# [Exercise description]
Verbatim transcription with images omitted: return the entries below in full.

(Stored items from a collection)
□ □ □
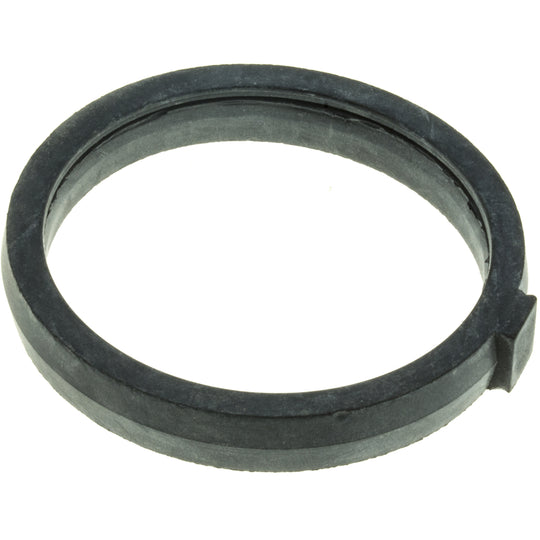 MG340EA Engine Coolant Thermostat Seal Motorad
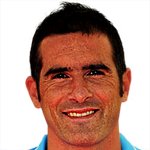 کریستیانو لوکارلی/ناپولی /ایتالیا / باشگاهی / مردان (36)/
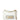 Dior J'Adior Chain Flap Bag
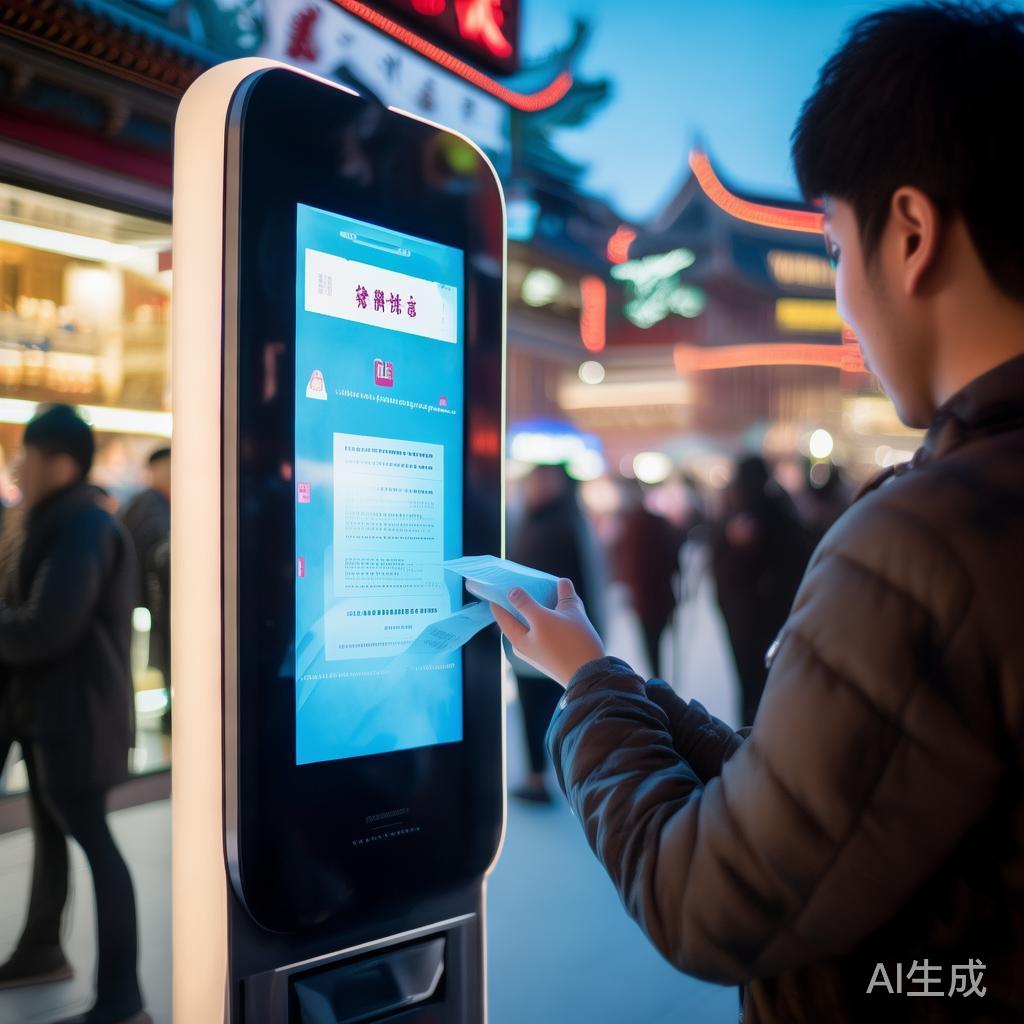 quickest way to get a proof of purchase in西安 - 快讯网 - 分享生活资讯热点话题综合门户网www.pusiai.com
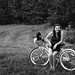 Anne Roberson Photo 11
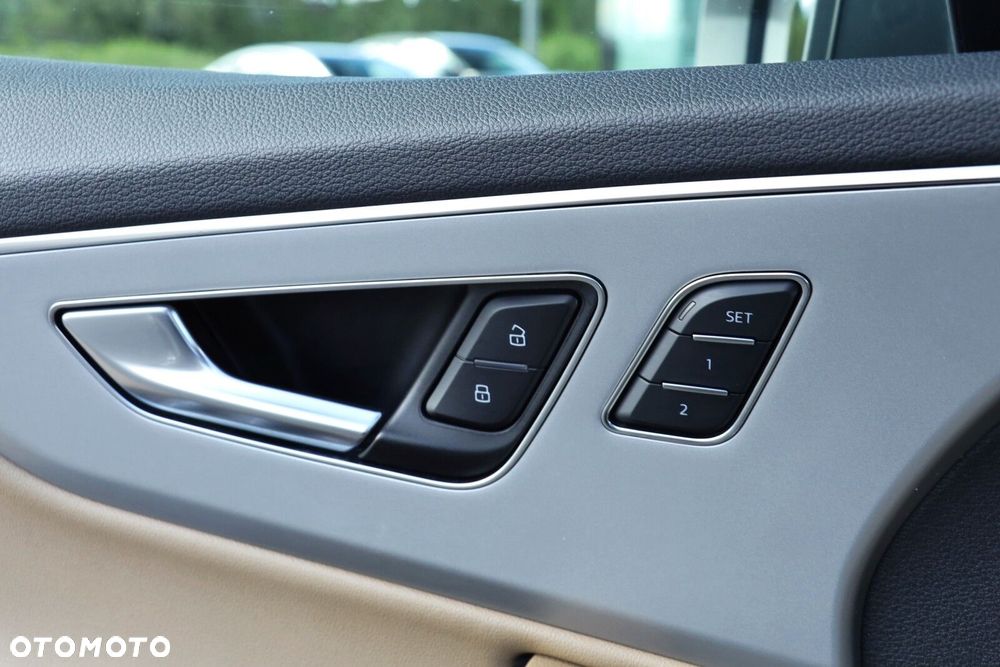 Audi Q7 45 TDI mHEV Quattro S Line Tiptr - 11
□ □ □
# [Answer section]
 MG340EA Engine Coolant Thermostat Seal Motorad
 کریستیانو لوکارلی/ناپولی /ایتالیا / باشگاهی / مردان (36)/
 Dior J'Adior Chain Flap Bag
 quickest way to get a proof of purchase in西安 - 快讯网 - 分享生活资讯热点话题综合门户网www.pusiai.com
 Anne Roberson Photo 11
 Audi Q7 45 TDI mHEV Quattro S Line Tiptr - 11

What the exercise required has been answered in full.